GraphQL authorization and the batching tax: where the schema lies to you

Alias batching: one HTTP request, many operations, one rate-limit hit

REST gives you one URL per thing, so authorization tends to sit on the route. A GraphQL endpoint is one URL for everything, and the request body decides which fields, objects, and operations you touch. That single shift relocates every authorization decision from the router down to the resolvers, and any resolver that forgot to check is a hole the gateway can’t see. Most GraphQL access-control bugs are this: the gateway authenticated you, so every resolver assumed someone else handled authorization.

What introspection gives away

The first move is always introspection. A standard query returns the entire schema: every type, every field, every query and mutation, including the ones the UI never calls.

graphql

query {
  __schema {
    types { name fields { name } }
    mutationType { fields { name args { name } } }
  }
}

That output is a map of the attack surface. The mutations the frontend never shows you (deleteUser, setRole, impersonate, internalRefund) are right there with their argument names. Disabling introspection in production is a mild speed bump, not a fix; the operations still exist, and field names are guessable or leak through error messages. Treat a disabled __schema as “they think this is the control” and keep testing the operations directly.

Field-level authz is where it actually leaks

The high-value bug is usually not a missing top-level check; it’s a single field on an object that returns data the object-level check should have gated. You can read a record you’re allowed to see, but one nested field on it exposes something you aren’t:

graphql

query {
  order(id: "1001") {
    id
    status
    customer {
      email
      paymentMethods { last4 billingAddress }
    }
  }
}

If the order resolver checks ownership but the nested customer and paymentMethods resolvers trust that you’d never have reached them without permission, you read another user’s payment data through an order you legitimately hold. Each resolver is its own trust boundary. The test is methodical: for every object you can reach, walk every nested field and check whether that field re-derives authorization or just rides on the parent’s.

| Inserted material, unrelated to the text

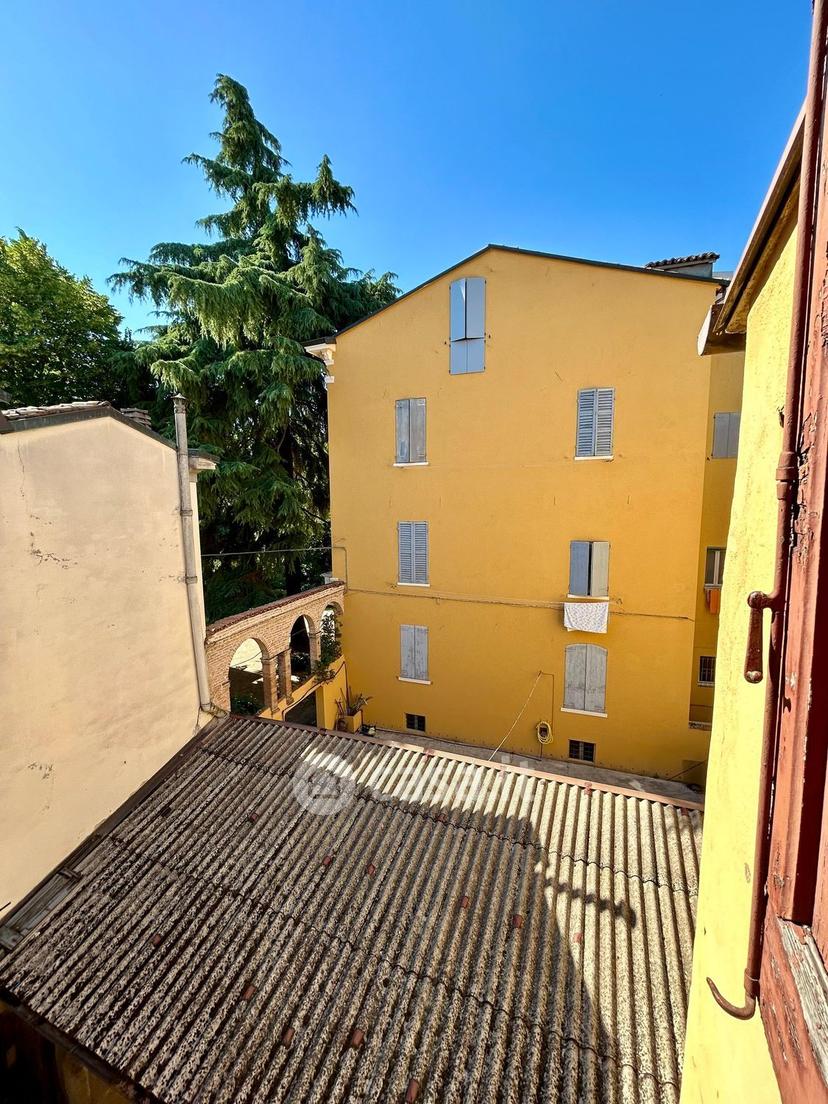 Trilocale in Calle di Luca — foto 5 di 16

Aliases and batching defeat rate limits

Rate limiting almost always counts requests. GraphQL lets one request carry many operations, so the counter sees one hit while the backend does a hundred units of work. Aliases are the trick: the same field, many times, under different names, in a single document.

graphql

mutation {
  a: login(user: "victim", pass: "0000") { token }
  b: login(user: "victim", pass: "0001") { token }
  c: login(user: "victim", pass: "0002") { token }
}

One HTTP request, three credential attempts, and the request-counting limiter records a single event. Scale that to hundreds of aliases and you’ve turned a brute-force-protected login into an unprotected one. Query batching (an array of operations in one POST) does the same at the transport layer. When I test any rate-limited GraphQL operation, the first thing I check is whether aliasing or batching slips past the counter, because it almost always does.

Nested-query DoS

A schema with cyclic relationships (a user has posts, a post has an author, an author has posts) lets you write a query whose cost explodes with depth:

graphql

query {
  user(id: 1) {
    posts { author { posts { author { posts { id } } } } }
  }
}

Each level multiplies the work. Without query-depth limits, query-cost analysis, or pagination caps, one modestly sized document can consume disproportionate backend resources. You don’t need to actually take the service down to report it; demonstrating that cost scales multiplicatively with a depth the server accepts is the finding.

The one structural fix

All of this traces to the same root: people put the security boundary at the gateway because that’s where it sat in REST, and GraphQL moved the meaningful decisions down to the resolvers. Object-level authorization has to run on the resolver that loads the object, every time, derived from the caller’s token, not inherited from whatever check happened to pass on the way in. Rate limiting has to count operations or query cost, not HTTP requests, or aliases erase it.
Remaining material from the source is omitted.